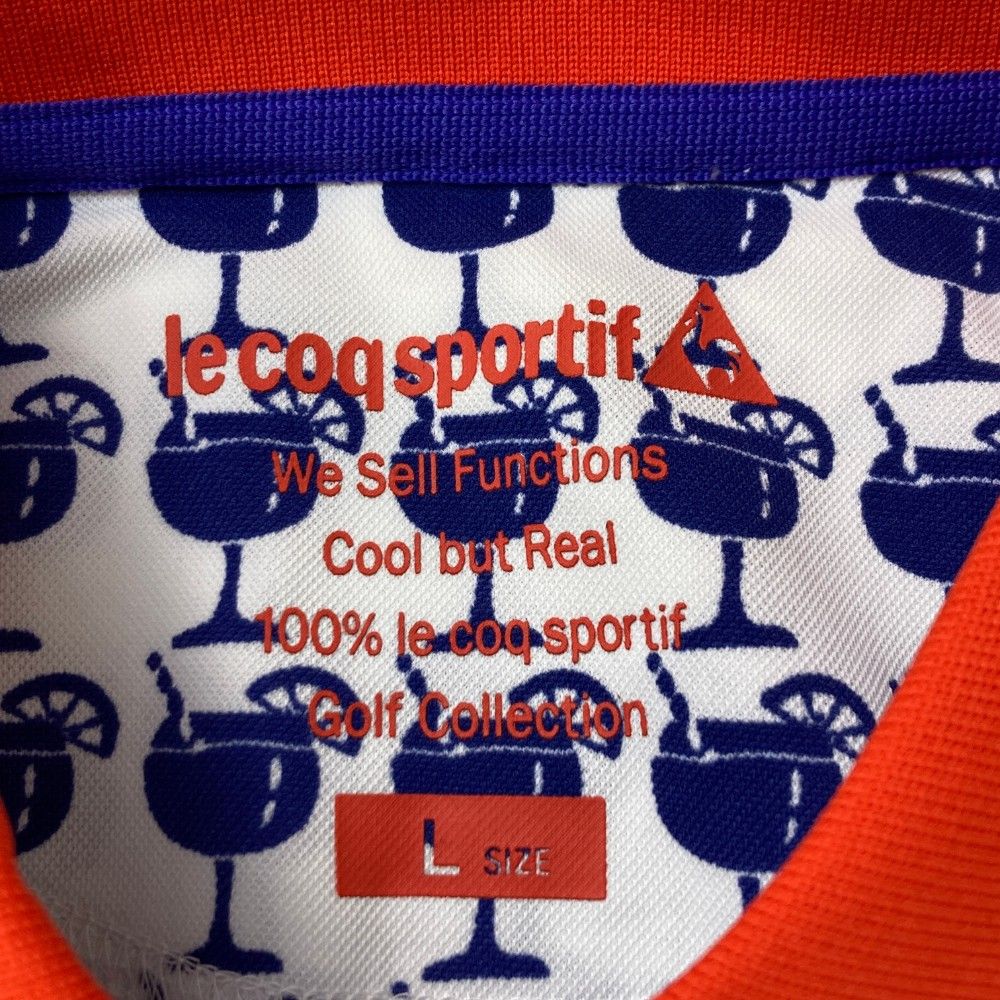 サイズ：L LE COQ GOLF ルコックゴルフ 半袖ポロシャツ 総柄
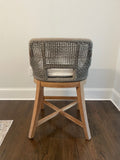 Woven counter stool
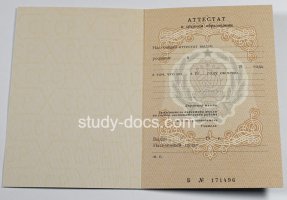 Аттестат за 11 класс до 1994 в Нижнекамске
● ● ●
▸ **Exercise objective**:
The required output is every line of the data above, set down exactly and stripped of pictures.

▸ **The answer**:
 サイズ：L LE COQ GOLF ルコックゴルフ 半袖ポロシャツ 総柄
 Woven counter stool
 Аттестат за 11 класс до 1994 в Нижнекамске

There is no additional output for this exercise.